» **What is needed**
Exactly as they stand, give the records below again, with no images.
Data section START
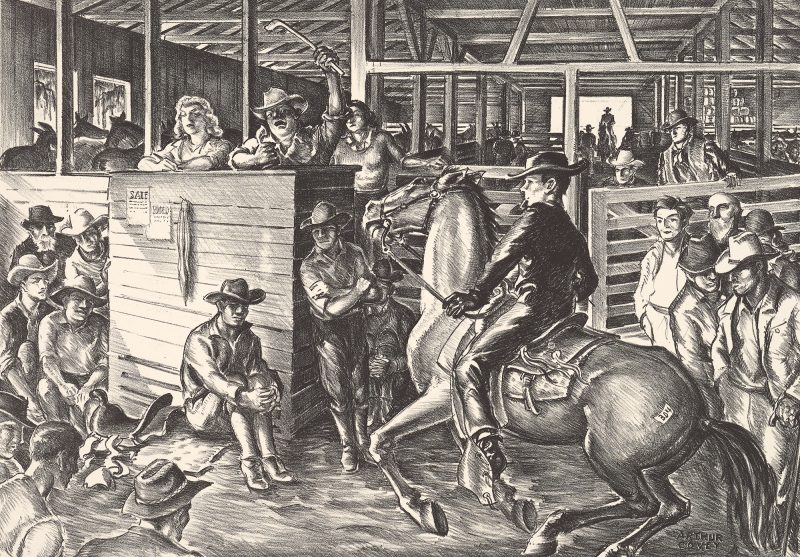 A cowboy on horse with buyers in the ring and more, behind in the barn, looking on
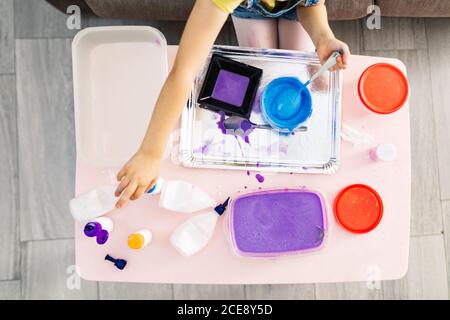 Dall'alto di raccolto anonimo capretto in abbigliamento casual seduto su un comodo divano davanti al tavolo con vassoio sporco e contenitori di plastica con miscela luminosa a casa Foto Stock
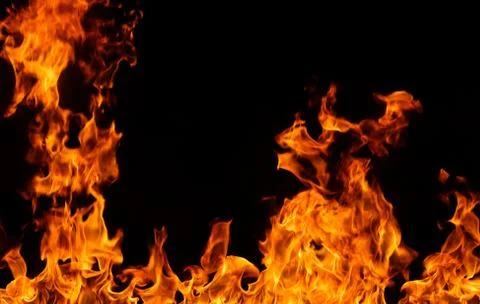 Fire flames on black background. Stock Photos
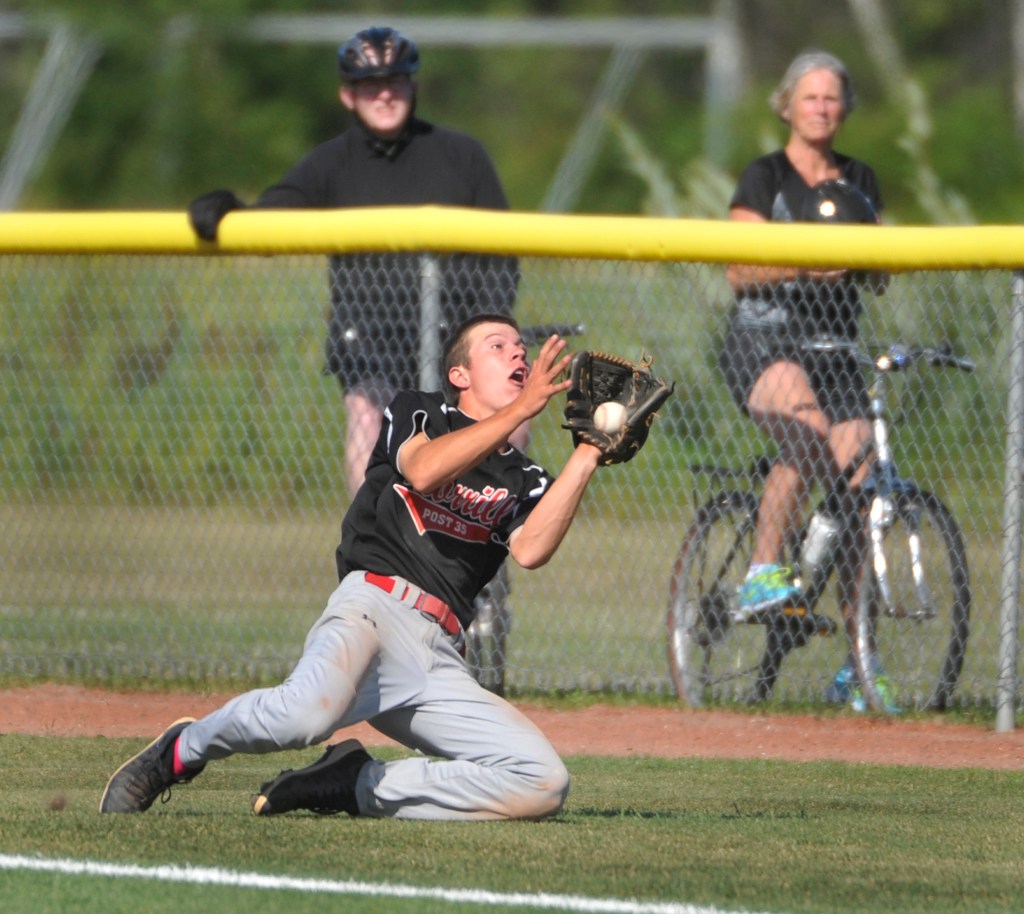 Morrill Post right fielder Jacob Brown makes a sliding catch of a foul ball in the fifth inning against Coffee News. Morrill won three straight elimination games to reach the final but couldn’t dethrone the defending champions. John Ewing/Staff Photographer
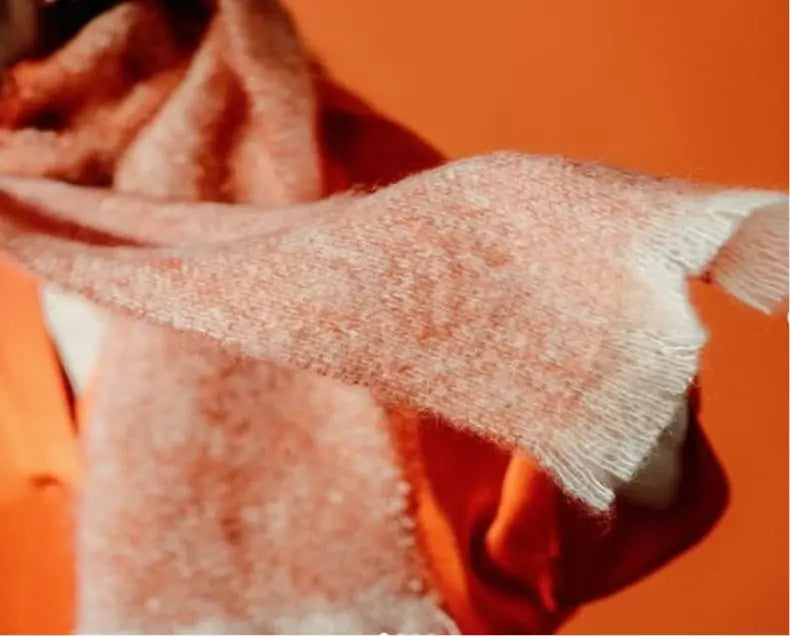 Pale orange woollen scarf blowing in the wind against a bright orange backdrop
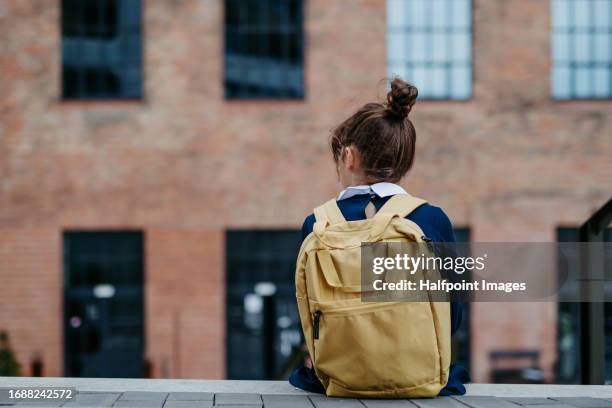 rear view of cute schoolgirl with a backpack going to school. - school uniform stock pictures, royalty-free photos & images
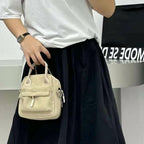 Person holding a beige handbag with a blurred background,A high-fashion shot of a woman in a black skirt and white shirt, holding a stylish, minimalist brown bag. The image is professionally lit in a studio against a clean white background, with a strong focus on the bag's sleek design and texture. The photo emphasizes a sophisticated and modern aesthetic, perfect for luxury or premium lifestyle brands.
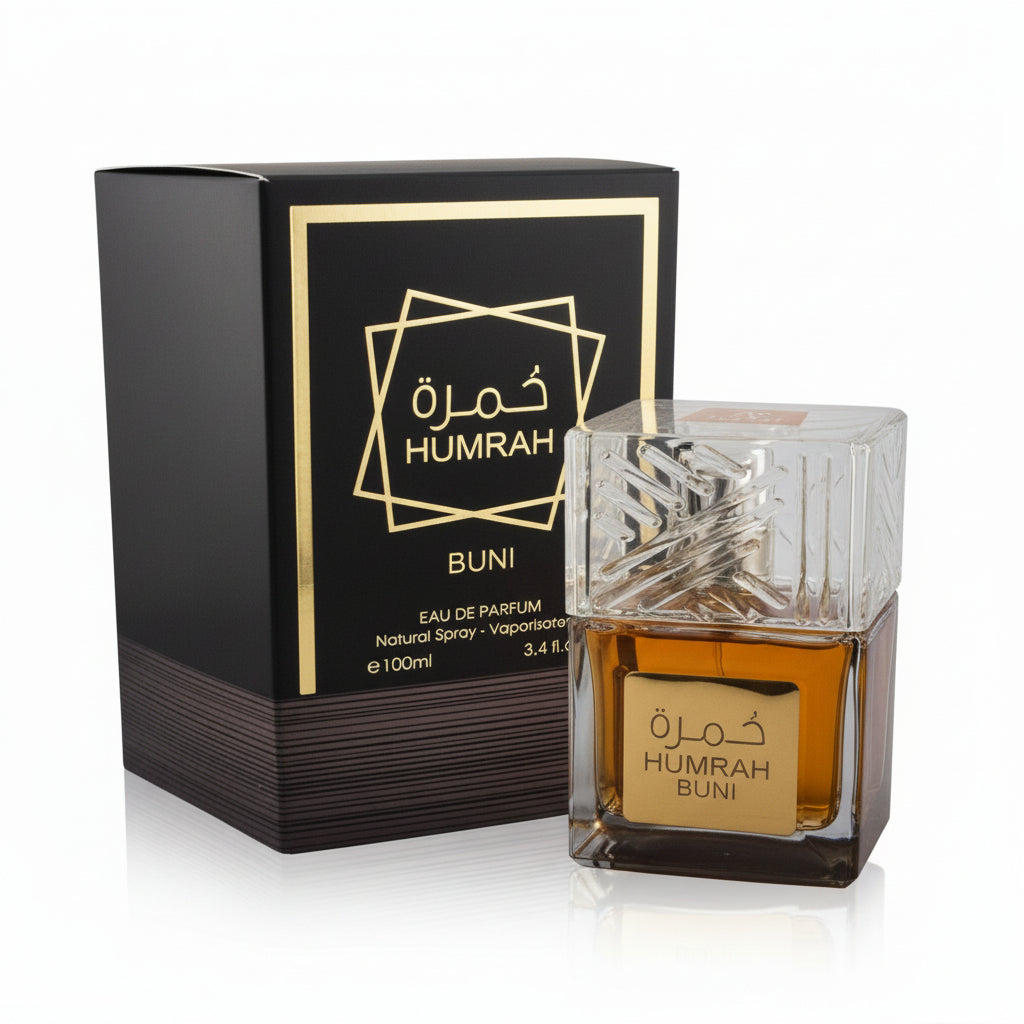 Humrah Buni Eau de Parfum 100ml bottle with sculptural crystal cap and gold label beside its black and gold box — rich Arabian 100ml natural spray men's fragrance displayed against a white background.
Data section END
» **Task solution**
 A cowboy on horse with buyers in the ring and more, behind in the barn, looking on
 Dall'alto di raccolto anonimo capretto in abbigliamento casual seduto su un comodo divano davanti al tavolo con vassoio sporco e contenitori di plastica con miscela luminosa a casa Foto Stock
 Fire flames on black background. Stock Photos
 Morrill Post right fielder Jacob Brown makes a sliding catch of a foul ball in the fifth inning against Coffee News. Morrill won three straight elimination games to reach the final but couldn’t dethrone the defending champions. John Ewing/Staff Photographer
 Pale orange woollen scarf blowing in the wind against a bright orange backdrop
 rear view of cute schoolgirl with a backpack going to school. - school uniform stock pictures, royalty-free photos & images
 Person holding a beige handbag with a blurred background,A high-fashion shot of a woman in a black skirt and white shirt, holding a stylish, minimalist brown bag. The image is professionally lit in a studio against a clean white background, with a strong focus on the bag's sleek design and texture. The photo emphasizes a sophisticated and modern aesthetic, perfect for luxury or premium lifestyle brands.
 Humrah Buni Eau de Parfum 100ml bottle with sculptural crystal cap and gold label beside its black and gold box — rich Arabian 100ml natural spray men's fragrance displayed against a white background.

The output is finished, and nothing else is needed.